Activity: Your copy should begin at the line containing "Oakfield Street, Roath, Cardiff CF24 photo 2" and end at the last line of the records; transcribe those lines exactly and leave out every picture.
___ Supplied material
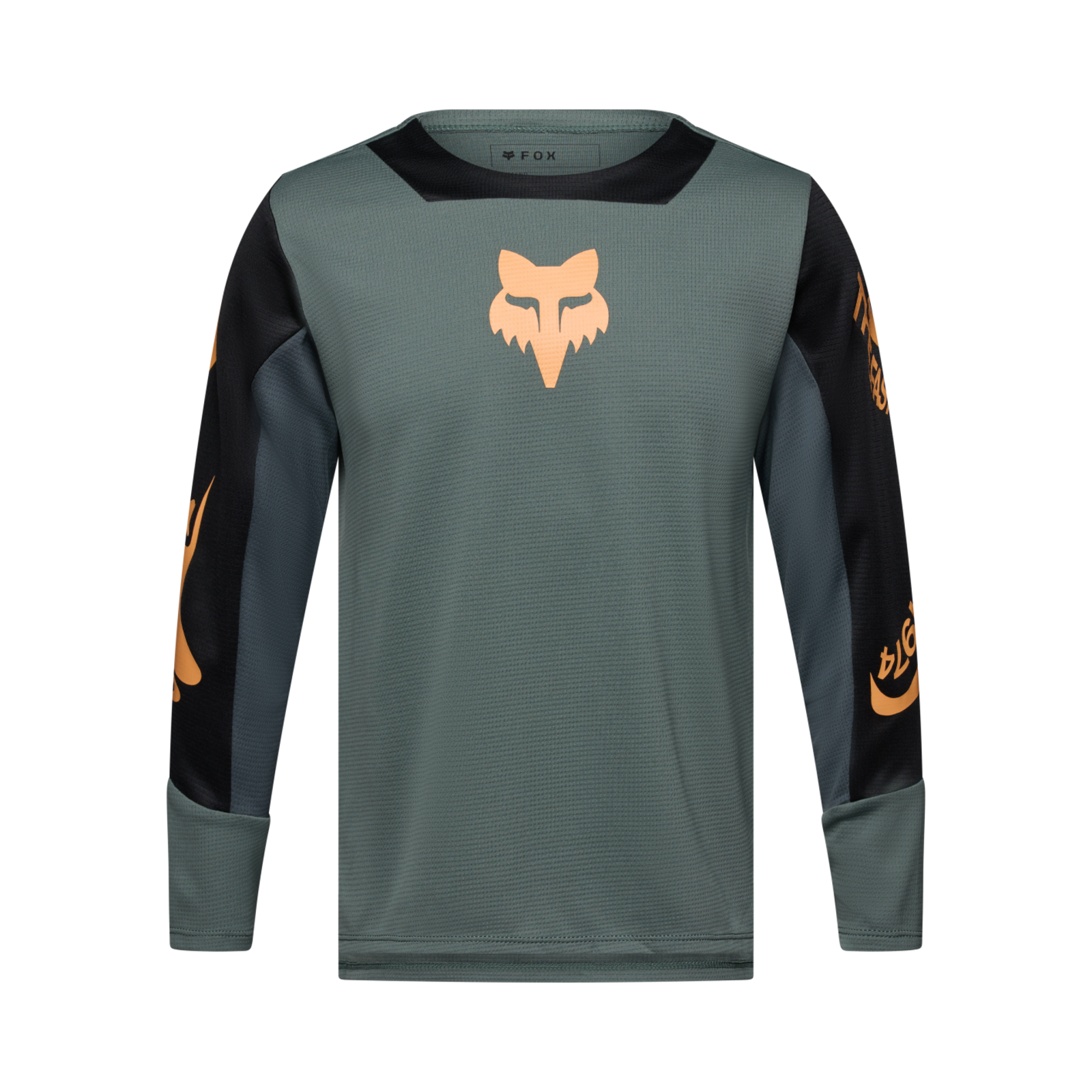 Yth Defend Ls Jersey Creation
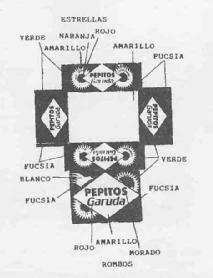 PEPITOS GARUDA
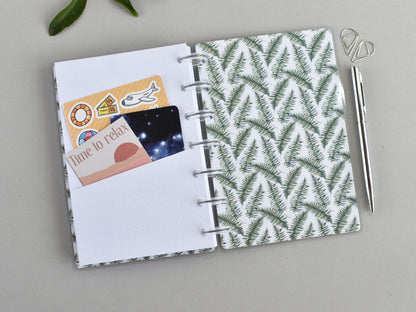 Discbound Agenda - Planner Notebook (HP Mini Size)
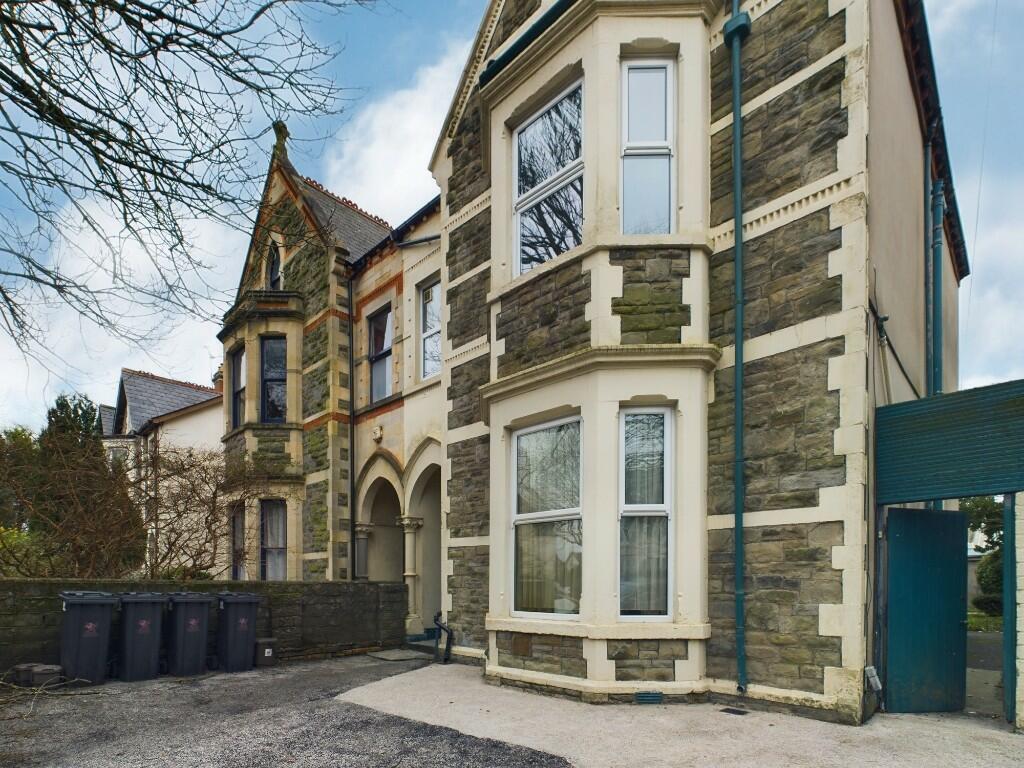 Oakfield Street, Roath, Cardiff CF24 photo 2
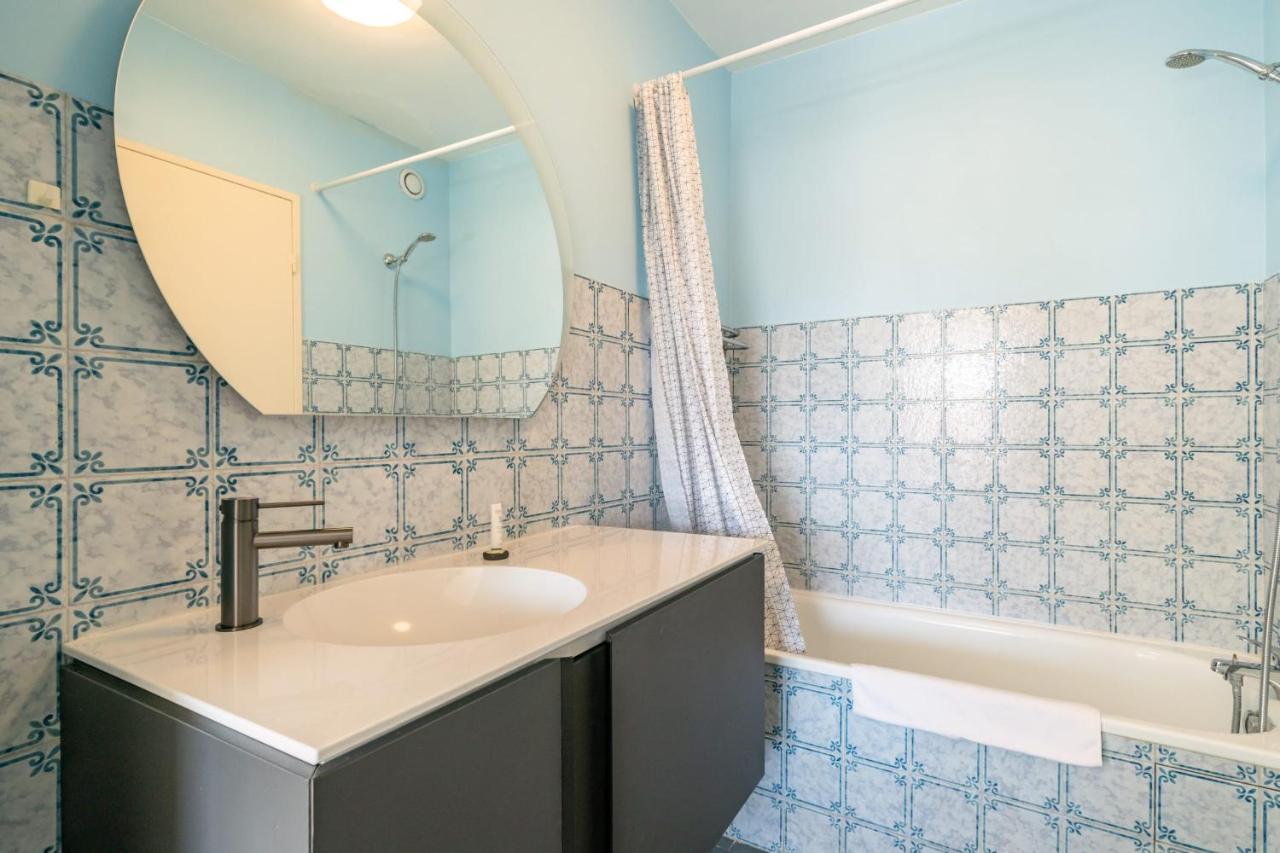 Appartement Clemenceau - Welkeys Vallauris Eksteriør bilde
______
Your response:
 Oakfield Street, Roath, Cardiff CF24 photo 2
 Appartement Clemenceau - Welkeys Vallauris Eksteriør bilde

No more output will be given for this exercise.